I have a recent employment letter (does not mention salary) , mentions all other details
I have reference letter (same i used for ACS) does not mention salary, mentions all other details

But i have payslips (from current employer) and bank statements to prove the salary.

Is this acceptable ? I don't want any delays from DIAC just because one simple thing is mising, otherwise i'll try to get a new reference letter (it was v difficult to get it in the first place)

Thanks !


----------



## armandra (Nov 27, 2009)

JBY said:


> Hi, i am preparing for my DIAC application.
> 
> I have a recent employment letter (does not mention salary) , mentions all other details
> I have reference letter (same i used for ACS) does not mention salary, mentions all other details
> ...


Just the letter would do, plus salary slips and bank statements and IT returns.
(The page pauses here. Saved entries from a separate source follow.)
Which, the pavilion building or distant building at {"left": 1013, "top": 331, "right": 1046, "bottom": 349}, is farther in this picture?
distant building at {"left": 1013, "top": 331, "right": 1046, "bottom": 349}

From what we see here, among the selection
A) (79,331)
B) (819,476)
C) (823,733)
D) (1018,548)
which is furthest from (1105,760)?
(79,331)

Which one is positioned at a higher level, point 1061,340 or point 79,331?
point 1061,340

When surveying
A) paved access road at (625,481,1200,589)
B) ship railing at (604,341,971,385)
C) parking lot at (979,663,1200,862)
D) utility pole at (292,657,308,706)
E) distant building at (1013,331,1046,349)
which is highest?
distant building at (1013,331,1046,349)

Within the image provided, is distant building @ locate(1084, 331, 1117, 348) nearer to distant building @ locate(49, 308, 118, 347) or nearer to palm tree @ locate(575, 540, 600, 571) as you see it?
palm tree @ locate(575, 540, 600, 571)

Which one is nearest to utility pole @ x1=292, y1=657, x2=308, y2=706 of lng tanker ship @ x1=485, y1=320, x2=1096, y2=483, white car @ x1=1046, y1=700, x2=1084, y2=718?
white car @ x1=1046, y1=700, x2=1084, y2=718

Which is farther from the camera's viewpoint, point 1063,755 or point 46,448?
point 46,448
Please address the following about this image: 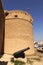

Good luck! 


armandra!


----------



## JBY (May 17, 2011)

armandra said:


> Just the letter would do, plus salary slips and bank statements and IT returns. Good luck!
> 
> 
> armandra!


thanks so much Armandra, i will proceed with using the letter that is missing the salary details. thanks.


----------



## himreen (Feb 9, 2013)

HI, I am planning to lodge an application for Australia PR.

1) if I don't have salary slip or bank statement to prove salary. Is letter mentioning salary form my employee is sufficient?

2) I am not able to get experience certificate from my one of employer. But One of my senior who was working with me is ready to provide experience letter on the letter head of particular company. Is it OK

Himanshu


----------



## JBY (May 17, 2011)

himreen said:


> HI, I am planning to lodge an application for Australia PR.
> 
> 1) if I don't have salary slip or bank statement to prove salary. Is letter mentioning salary form my employee is sufficient?
> 
> ...


wow, you unearthed this from ages ago  takes me back...

anyways to answer.

1) Salary slip will help, but if not possible no problem at all, many companies don't have payslip system, so instead use BANK statements + letter from company stating your salary this will be enough. try to get bank statements for atleast 1 whole year, try to get more if possible and HIGHLIGHT your salary in the statements. 

2) No worries, just get a letter from the senior, stating your job roles etc, let him sign it and (if possible stamp) , also add ANY more evidence that you can get , like promotion letter, business card, ID card, health card, ANYTHING that can supplement proof that you worked there. Same situation happend to me from my previous employer btw, and DIAC accepted me with no questions asked


----------



## himreen (Feb 9, 2013)

JBY said:


> thanks so much Armandra, i will proceed with using the letter that is missing the salary details. thanks.


Thank you very much for your reply.
I request you to make it clear that 
1) As I don't have proper detail with bank statement. So, letter from company stating salary this will be ok or not. 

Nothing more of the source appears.